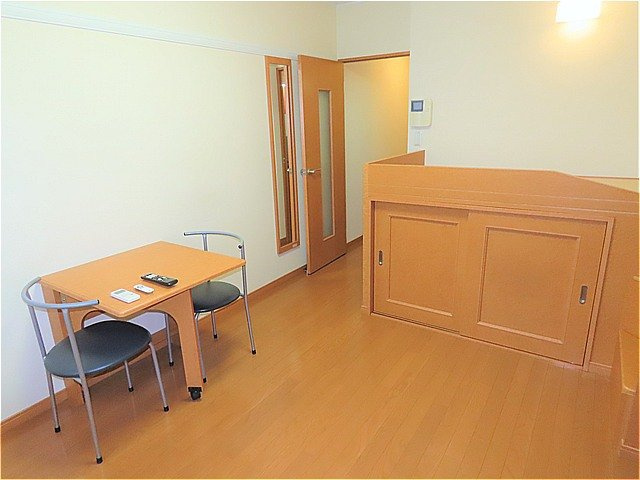 レオパレスエバーグリーンＡの居間・リビング|ハイベッドタイプのお部屋です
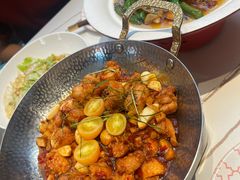 -阿瓦山寨·湘菜现炒·剁椒鱼头王(咸阳总店)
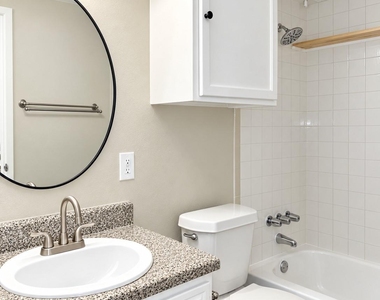 4653 Country Creek Drive - Photo Thumbnail 18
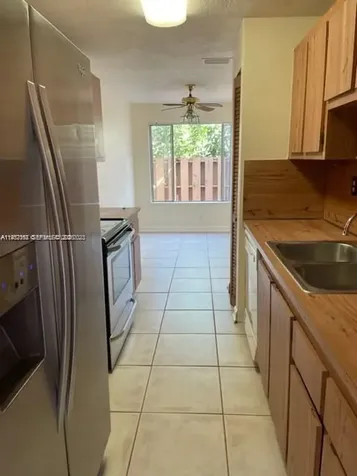 879 NW 81st Way Plantation FL 33324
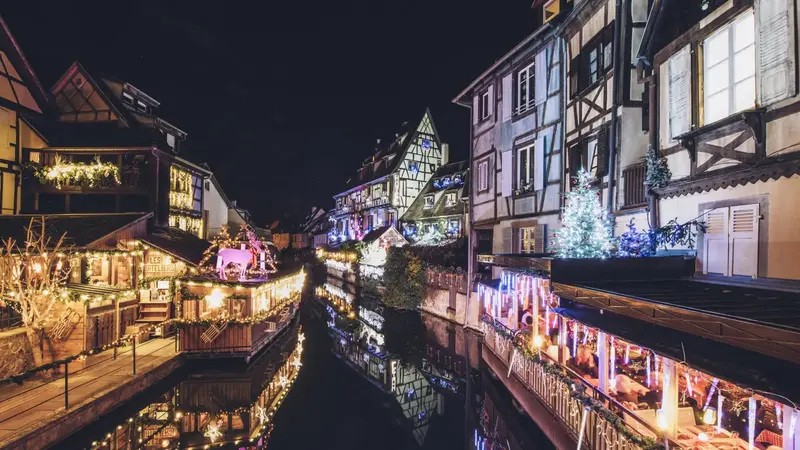 Colmar, tregu i Krishtlindjeve — Colmar, Francë — foto 9 nga 9
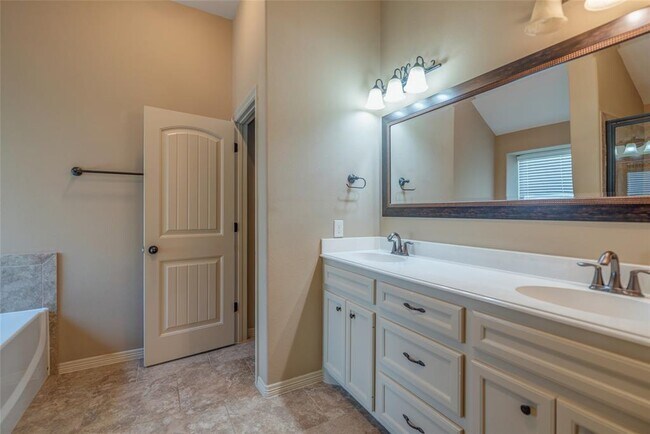 Building Photo - 12130 Brightwood Dr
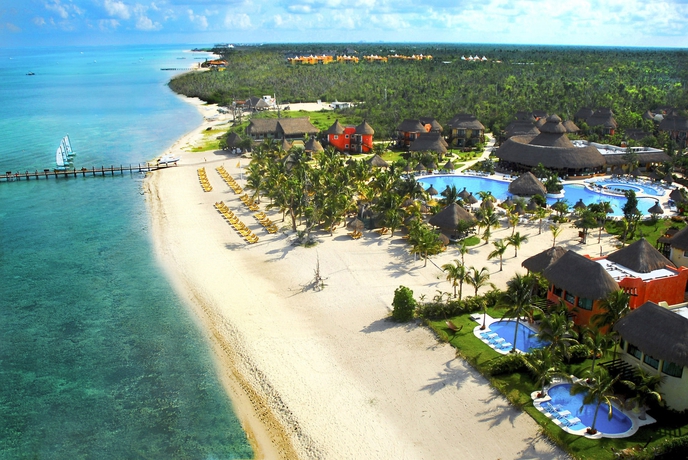 Imagen de los exteriores del Hotel Iberostar Waves Cozumel - All Inclusive. Foto 8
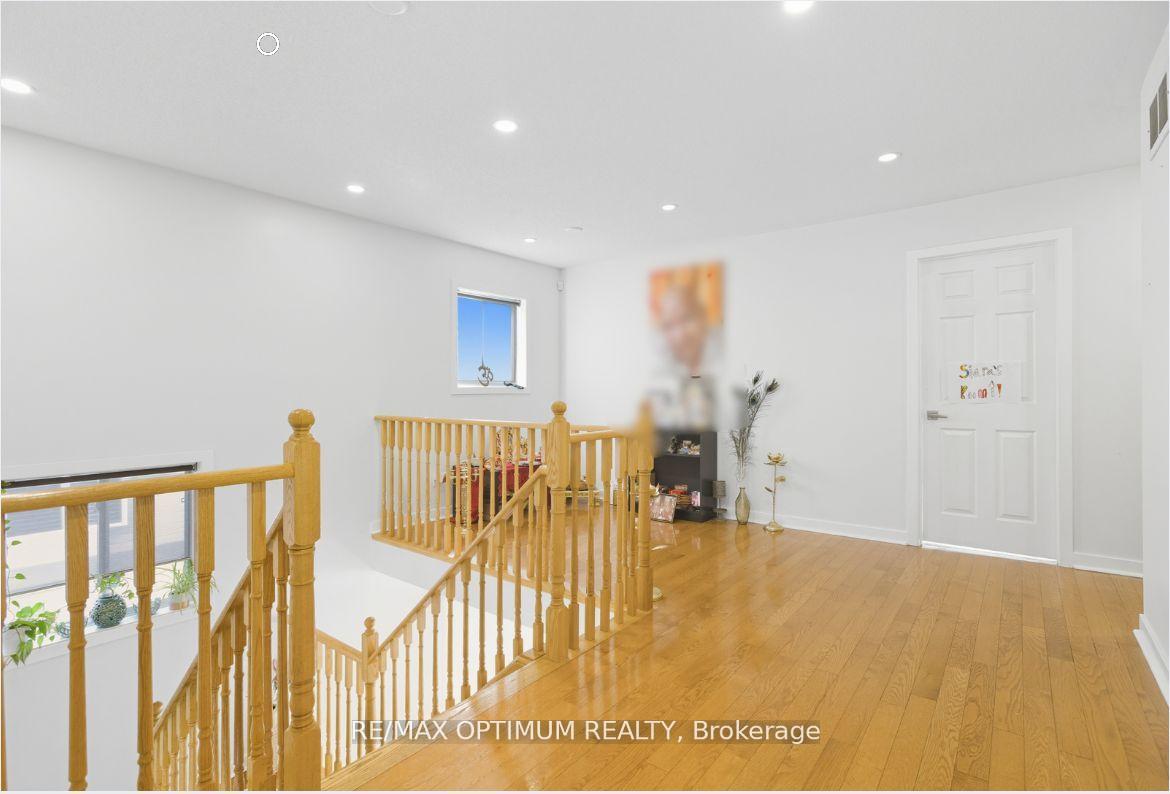 Photo 12 of 12 Robert Attersley Drive E, Whitby, Taunton North — HOMEH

- - - - -

* _TASK INSTRUCTIONS_
Give the listing again word for word. Skip every image.

* _ANSWER AREA_
 レオパレスエバーグリーンＡの居間・リビング|ハイベッドタイプのお部屋です
 -阿瓦山寨·湘菜现炒·剁椒鱼头王(咸阳总店)
 4653 Country Creek Drive - Photo Thumbnail 18
 879 NW 81st Way Plantation FL 33324
 Colmar, tregu i Krishtlindjeve — Colmar, Francë — foto 9 nga 9
 Building Photo - 12130 Brightwood Dr
 Imagen de los exteriores del Hotel Iberostar Waves Cozumel - All Inclusive. Foto 8
 Photo 12 of 12 Robert Attersley Drive E, Whitby, Taunton North — HOMEH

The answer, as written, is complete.